Please transcribe only the lines that run from the line bearing "Sea Creatures Illustration Postcard (Front)" to the end of the entries, keeping both end lines. Skip the pictures.

Given records:
=== Section Start ===

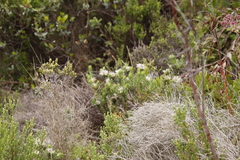 Phylica pubescens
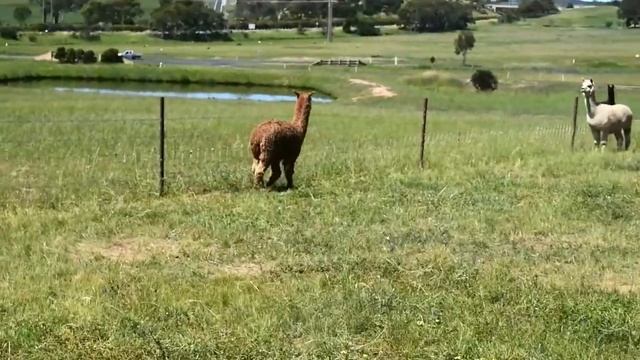 MY farm visit and chasing Llamas - Australian Farm Animals so much fun!!!! смотреть онлайн
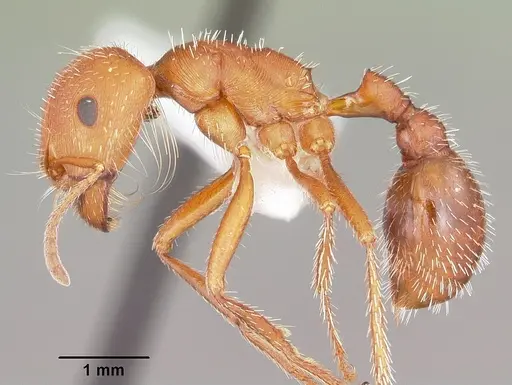 Pogonomyrmex comanche specimen CASENT0104841 image casent0104841_3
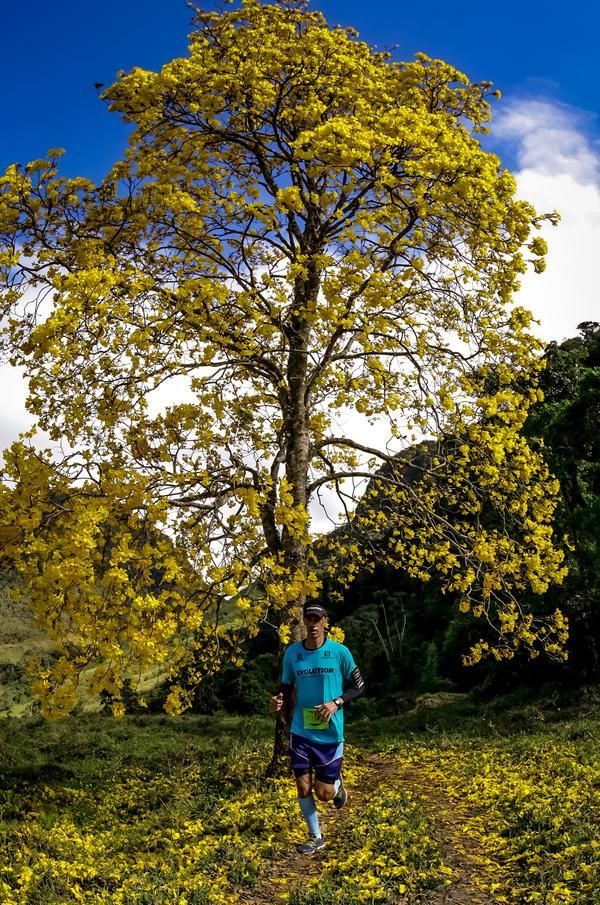 Buy your photos of the eventEvolution on Fotop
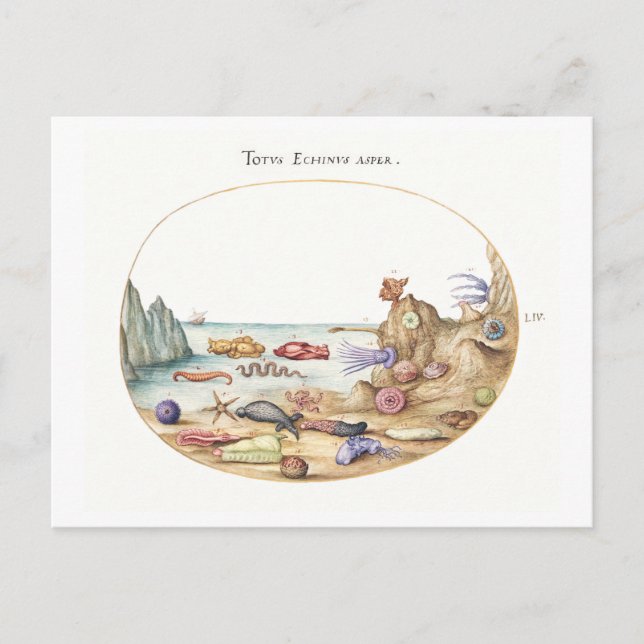 Sea Creatures Illustration Postcard (Front)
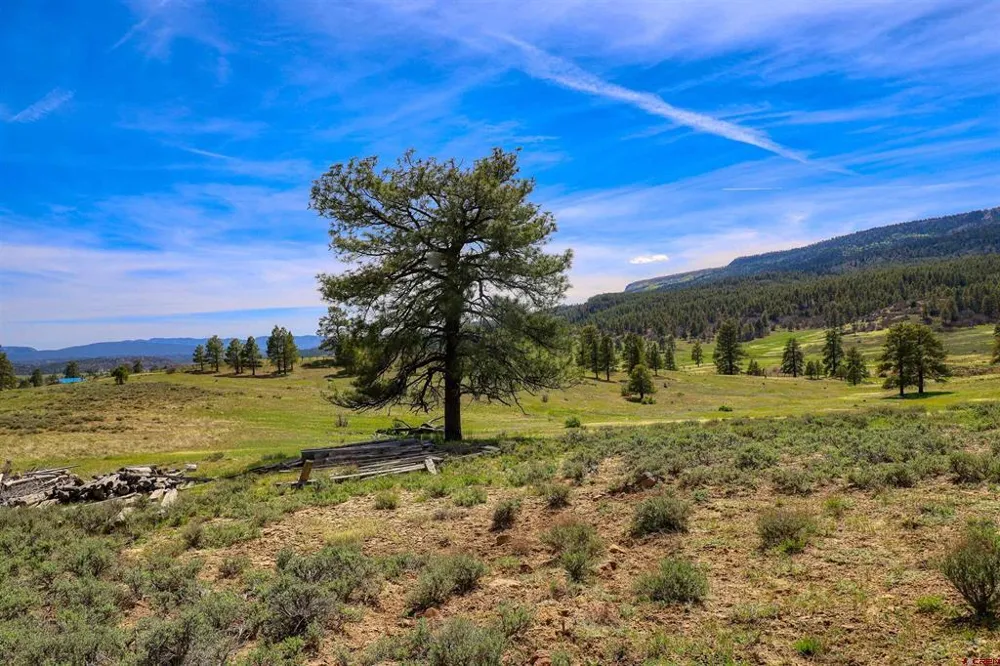 County Rd 359 Pagosa Springs, CO 81147
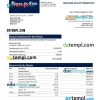 editable template, BANCO de Chile organization statement Word and PDF template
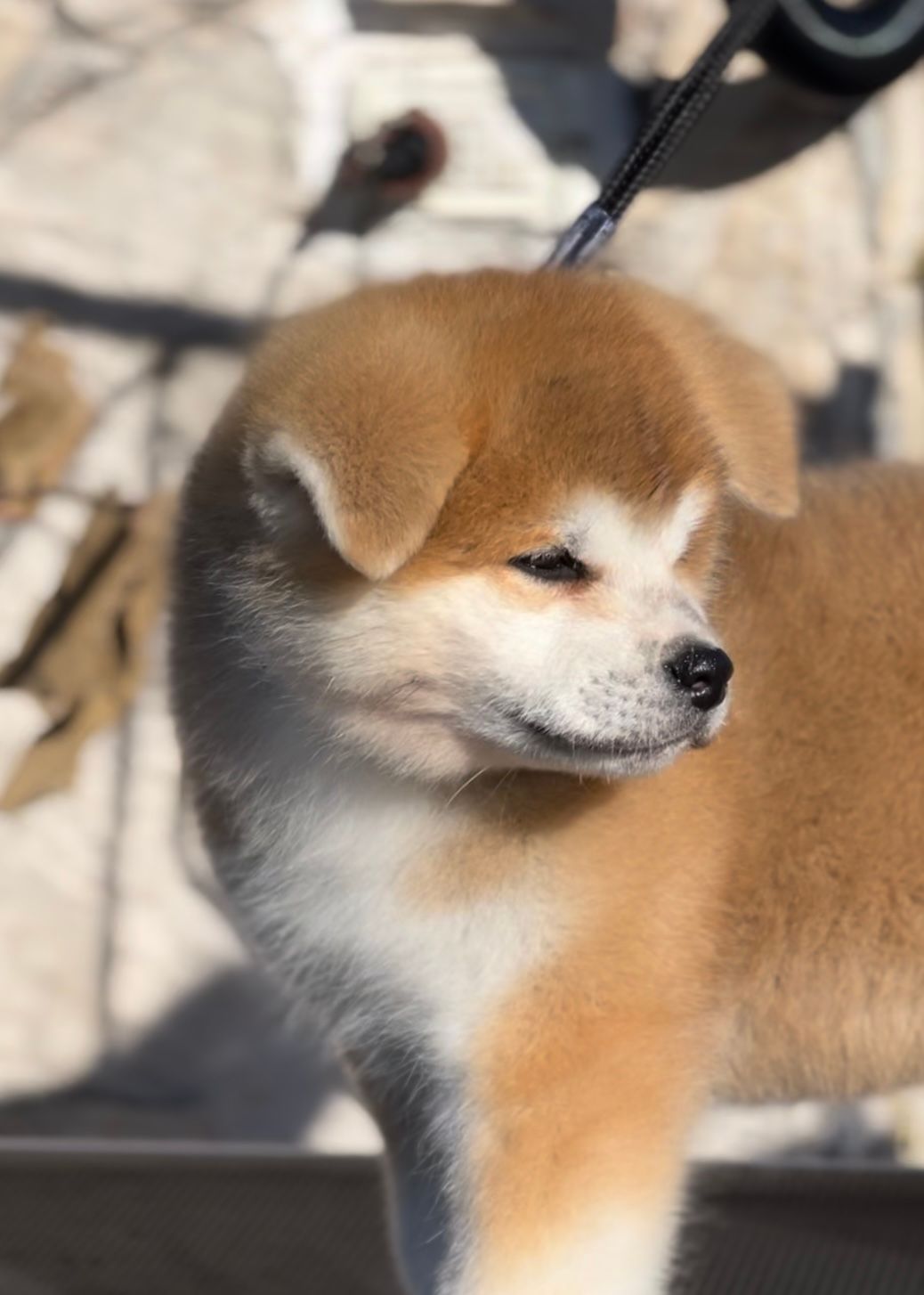 Goromaru — foto 1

=== Section End ===

Exercise response:
 Sea Creatures Illustration Postcard (Front)
 County Rd 359 Pagosa Springs, CO 81147
 editable template, BANCO de Chile organization statement Word and PDF template
 Goromaru — foto 1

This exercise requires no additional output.